WORK ITEM -> From the entries below, please output exactly the lines starting at the one containing "10Pcs Electric Drill" and ending at the one containing "Casual Heart Printed", both included.

INFORMATION PROVIDED ->

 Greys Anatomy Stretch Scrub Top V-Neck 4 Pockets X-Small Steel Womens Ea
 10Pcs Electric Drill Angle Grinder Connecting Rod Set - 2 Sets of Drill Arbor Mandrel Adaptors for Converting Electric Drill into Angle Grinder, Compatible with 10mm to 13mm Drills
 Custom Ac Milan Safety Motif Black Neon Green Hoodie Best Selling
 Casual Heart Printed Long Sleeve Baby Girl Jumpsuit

* * *

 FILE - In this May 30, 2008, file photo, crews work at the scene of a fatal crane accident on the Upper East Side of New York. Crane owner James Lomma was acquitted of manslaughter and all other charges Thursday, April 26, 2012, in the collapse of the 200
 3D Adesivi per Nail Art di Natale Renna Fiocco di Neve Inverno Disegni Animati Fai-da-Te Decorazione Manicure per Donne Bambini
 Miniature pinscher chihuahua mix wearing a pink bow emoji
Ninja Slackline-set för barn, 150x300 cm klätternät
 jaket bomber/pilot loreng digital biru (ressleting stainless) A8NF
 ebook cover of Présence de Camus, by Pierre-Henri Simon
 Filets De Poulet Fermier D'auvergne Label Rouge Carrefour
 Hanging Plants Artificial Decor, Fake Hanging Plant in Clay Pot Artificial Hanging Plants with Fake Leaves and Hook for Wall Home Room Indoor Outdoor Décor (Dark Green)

...

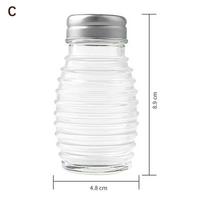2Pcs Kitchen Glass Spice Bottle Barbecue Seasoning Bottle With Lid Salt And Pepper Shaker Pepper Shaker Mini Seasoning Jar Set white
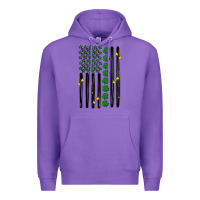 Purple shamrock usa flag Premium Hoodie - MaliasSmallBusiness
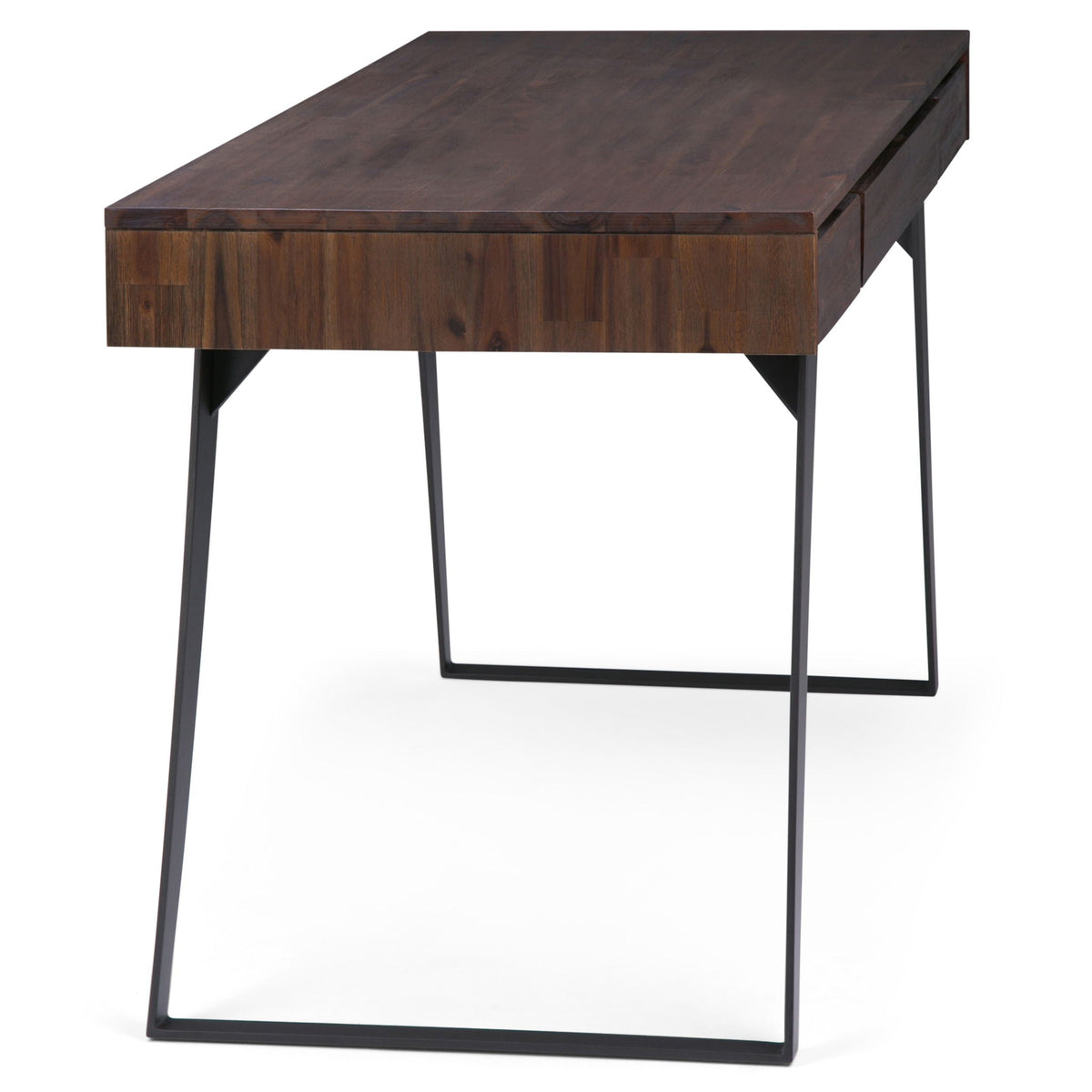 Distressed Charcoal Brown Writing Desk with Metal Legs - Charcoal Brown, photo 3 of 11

EXPECTED ANSWER ->
 10Pcs Electric Drill Angle Grinder Connecting Rod Set - 2 Sets of Drill Arbor Mandrel Adaptors for Converting Electric Drill into Angle Grinder, Compatible with 10mm to 13mm Drills
 Custom Ac Milan Safety Motif Black Neon Green Hoodie Best Selling
 Casual Heart Printed Long Sleeve Baby Girl Jumpsuit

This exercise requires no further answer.